--- START ---

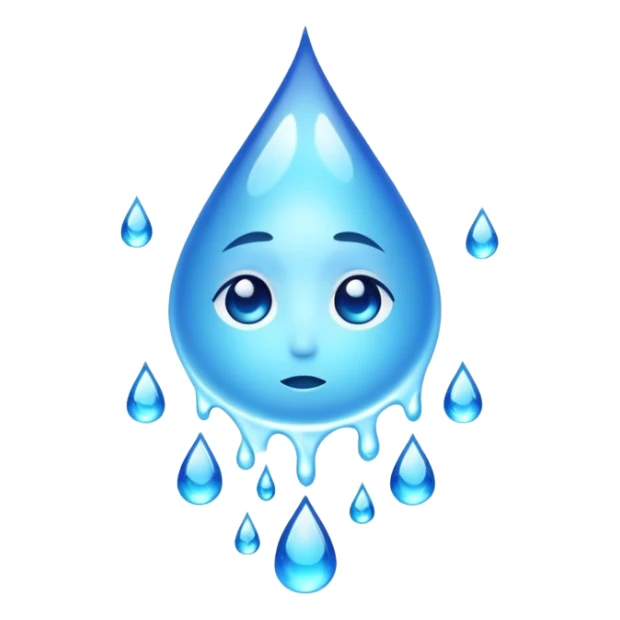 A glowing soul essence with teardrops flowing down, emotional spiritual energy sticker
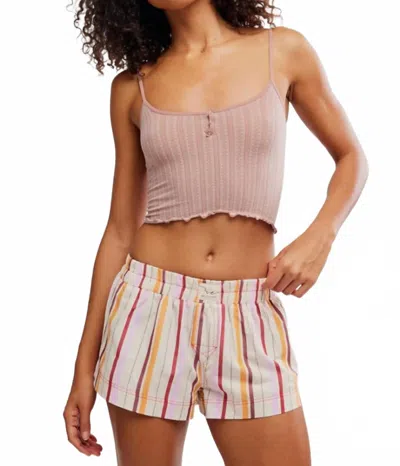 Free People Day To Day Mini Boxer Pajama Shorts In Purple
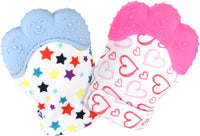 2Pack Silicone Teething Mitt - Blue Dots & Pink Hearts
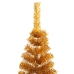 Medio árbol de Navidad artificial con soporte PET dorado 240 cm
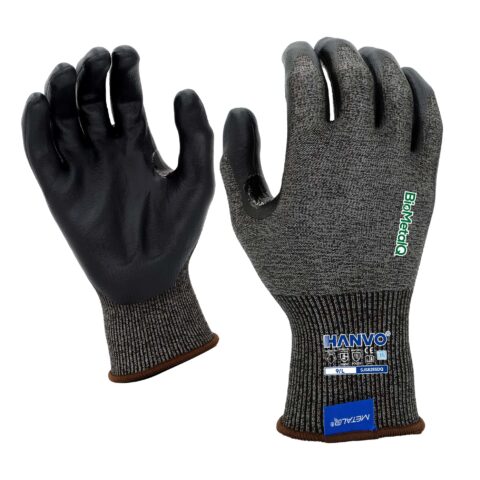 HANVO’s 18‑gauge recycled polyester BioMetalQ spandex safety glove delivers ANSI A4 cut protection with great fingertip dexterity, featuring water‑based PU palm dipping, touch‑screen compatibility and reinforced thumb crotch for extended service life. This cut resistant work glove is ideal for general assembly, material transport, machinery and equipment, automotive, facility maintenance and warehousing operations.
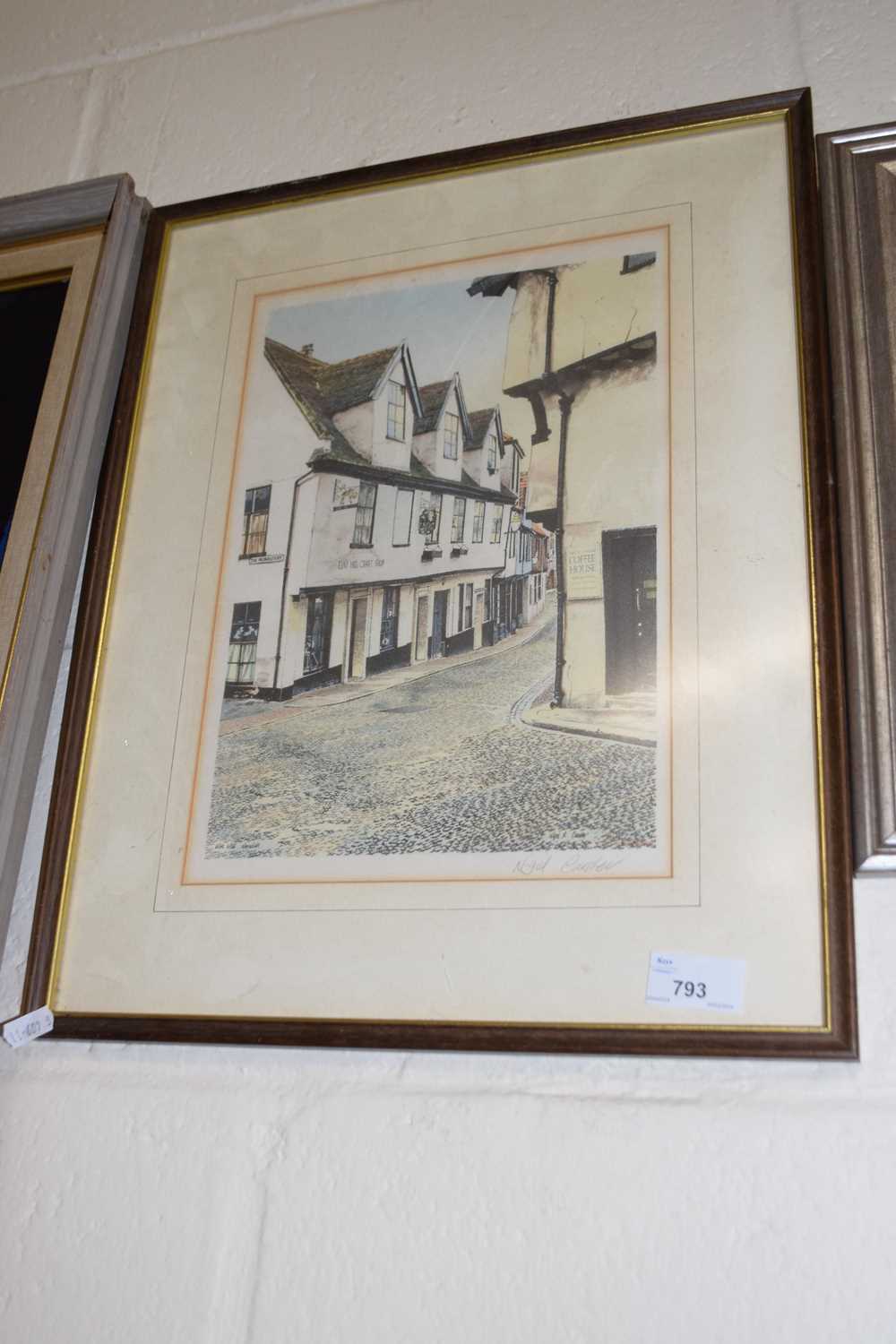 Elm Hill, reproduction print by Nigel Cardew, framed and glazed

--- END ---

• _WHAT IS NEEDED_
From the line containing "HANVO’s 18‑gauge recycled" through the last line of the records above, reproduce every line exactly, leaving out the pictures.

• _WRITTEN SOLUTION_
 HANVO’s 18‑gauge recycled polyester BioMetalQ spandex safety glove delivers ANSI A4 cut protection with great fingertip dexterity, featuring water‑based PU palm dipping, touch‑screen compatibility and reinforced thumb crotch for extended service life. This cut resistant work glove is ideal for general assembly, material transport, machinery and equipment, automotive, facility maintenance and warehousing operations.
 Elm Hill, reproduction print by Nigel Cardew, framed and glazed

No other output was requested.